[Work to complete] Return the line that contains "Vintage Blue and" plus every line after it to the end of the entries below, exactly as given, and stop there.

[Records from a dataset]
══════════════════════════════

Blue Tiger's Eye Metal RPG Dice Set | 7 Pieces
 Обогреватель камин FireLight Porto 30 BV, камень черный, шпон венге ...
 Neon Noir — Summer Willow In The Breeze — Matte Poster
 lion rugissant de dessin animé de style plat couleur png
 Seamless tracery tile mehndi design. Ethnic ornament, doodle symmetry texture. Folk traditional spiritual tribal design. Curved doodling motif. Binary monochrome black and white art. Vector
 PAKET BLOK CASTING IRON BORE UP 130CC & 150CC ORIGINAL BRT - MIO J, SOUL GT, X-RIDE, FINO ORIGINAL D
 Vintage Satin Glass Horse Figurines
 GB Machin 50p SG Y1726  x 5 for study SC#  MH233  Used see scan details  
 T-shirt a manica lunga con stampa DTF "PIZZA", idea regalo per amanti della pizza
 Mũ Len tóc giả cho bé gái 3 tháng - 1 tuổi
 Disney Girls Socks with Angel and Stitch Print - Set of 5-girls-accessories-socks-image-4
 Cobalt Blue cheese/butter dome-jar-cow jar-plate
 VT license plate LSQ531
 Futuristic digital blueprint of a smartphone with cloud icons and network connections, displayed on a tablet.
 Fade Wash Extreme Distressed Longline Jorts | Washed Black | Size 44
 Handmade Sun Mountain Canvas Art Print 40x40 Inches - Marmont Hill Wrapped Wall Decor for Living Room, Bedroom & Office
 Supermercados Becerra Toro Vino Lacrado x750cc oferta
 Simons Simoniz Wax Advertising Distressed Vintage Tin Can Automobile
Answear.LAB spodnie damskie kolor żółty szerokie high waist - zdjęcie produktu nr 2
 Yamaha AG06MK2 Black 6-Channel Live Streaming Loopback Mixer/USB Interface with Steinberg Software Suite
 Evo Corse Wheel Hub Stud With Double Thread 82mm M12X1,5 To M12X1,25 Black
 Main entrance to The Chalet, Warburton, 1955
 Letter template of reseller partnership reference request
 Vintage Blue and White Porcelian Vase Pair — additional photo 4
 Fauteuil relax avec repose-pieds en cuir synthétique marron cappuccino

══════════════════════════════

[Response for this exercise]
 Vintage Blue and White Porcelian Vase Pair — additional photo 4
 Fauteuil relax avec repose-pieds en cuir synthétique marron cappuccino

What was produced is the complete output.